### Work required
Print nothing but the lines below starting at the line that holds "Zväčšiť fotografiu citanie-pre-predskolakov-v-cza-(13)" and ending at the line that holds "Yetoo (@yetoo_pk3) on Twitter photo", including both, each exactly as written.

### Data under study
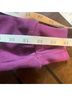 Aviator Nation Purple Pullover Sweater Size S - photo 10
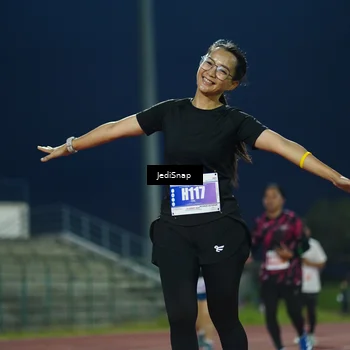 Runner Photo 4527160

* * *

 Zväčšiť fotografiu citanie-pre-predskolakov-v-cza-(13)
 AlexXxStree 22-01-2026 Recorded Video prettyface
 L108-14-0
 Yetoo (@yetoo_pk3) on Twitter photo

### Task response
 Zväčšiť fotografiu citanie-pre-predskolakov-v-cza-(13)
 AlexXxStree 22-01-2026 Recorded Video prettyface
 L108-14-0
 Yetoo (@yetoo_pk3) on Twitter photo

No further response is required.